Legislators erred on arbitration law
POSTED: Tuesday, August 25, 2009
State legislators were warned in 2000 by then-Gov. Ben Cayetano about the dire consequences of resolving contract talks with state and county employees through binding arbitration. Negotiations with state employee unions are headed in that direction, but legislators should resist raising taxes to accommodate predictably generous wage packages approved by out-of-state arbitrators.
Cayetano told legislators in his State of the State speech that the binding arbitration law enacted four years earlier was "seriously flawed" because arbitrators had given "too much discretion to make decisions that have no relationship to the state's true fiscal condition." The Legislature responded by repealing the law but reinstated it in 2003 under union pressure after Gov. Linda Lingle took office.

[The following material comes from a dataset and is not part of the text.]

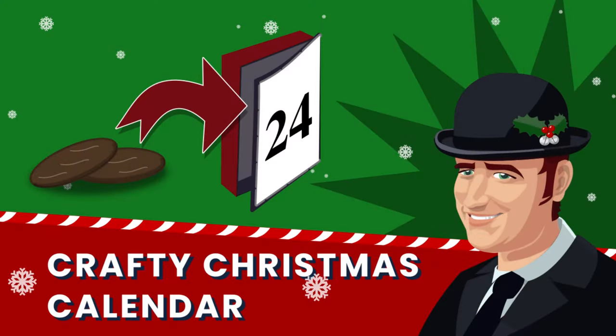My name is Martin and today I'm going to be showing you how to make an advent calendar using bits of card from the bin. So join me for crafty Christmas calendar.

In 2005, Lingle said state revenues had grown by about $1 billion over the previous decade. However, she added, state employee wage increases totaled $873 million while the state health premiums and contributions to the retirement fund put the total over $1 billion, eating up more than any extra money for the needy, schools, harbors, airports, environment and other programs.
State government was able to struggle at that level during relative prosperity but faces serious damage during the current recession. The governor has proposed that state employees accept furloughs—staying off from work, without pay, for three days a month—over the next two years to achieve a constitutionally-required balanced budget. The Hawaii Government Employees Association, the lead union in contract talks, has countered with a once-a-month furlough.

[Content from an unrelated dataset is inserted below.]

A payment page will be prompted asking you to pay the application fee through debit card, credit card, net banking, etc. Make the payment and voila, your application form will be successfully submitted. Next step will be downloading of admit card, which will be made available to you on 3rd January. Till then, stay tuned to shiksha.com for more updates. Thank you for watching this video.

The state's ability to pay wages approved by an arbitrator "shall not be predicated on the premise that the employer (the state) may increase or impose new taxes, fees or charges, or develop other sources of revenues," according to the Hawaii law.

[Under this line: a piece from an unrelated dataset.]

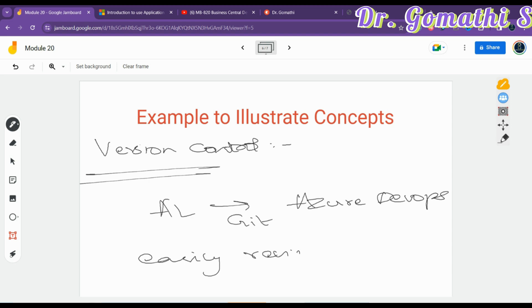Third, for automated builds and tests: once development reaches a stable state, you set up automated builds and tests within Azure DevOps, ensuring every code commit is automatically built and tested, catching bugs early. Fourth, Azure DevOps facilitates code reviews allowing team members to suggest improvements and ensure adherence to coding standards. Finally, for release management, Azure DevOps manages the release process, ensuring the new feature is smoothly integrated and deployed to the finance application.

However, in past years, the arbitrator has split down the middle from what the state has offered and what the union wants. The unions have recognized that formula by proposing wage hikes beyond what they could reasonably expect. Thus, a two-days-a-month furlough is likely.
The arbitrators belong to the New York-based American Arbitration Association, which includes no Hawaii member. Thus, the arbitrator is "insulated from the consequences of his award," says labor attorney Michael Nauyokas, a Honolulu arbitrator and mediator. "Whatever he gives, he jumps back in his plane, flies to the mainland and never hears about it again. The rest of us have got to live here and deal with it."
As a result, the Legislature is likely to be faced with raising taxes to pay for the arbitrator's decision or allowing Lingle to lay off employees to balance the budget. Legislators have themselves to blame for placing themselves in such predicament.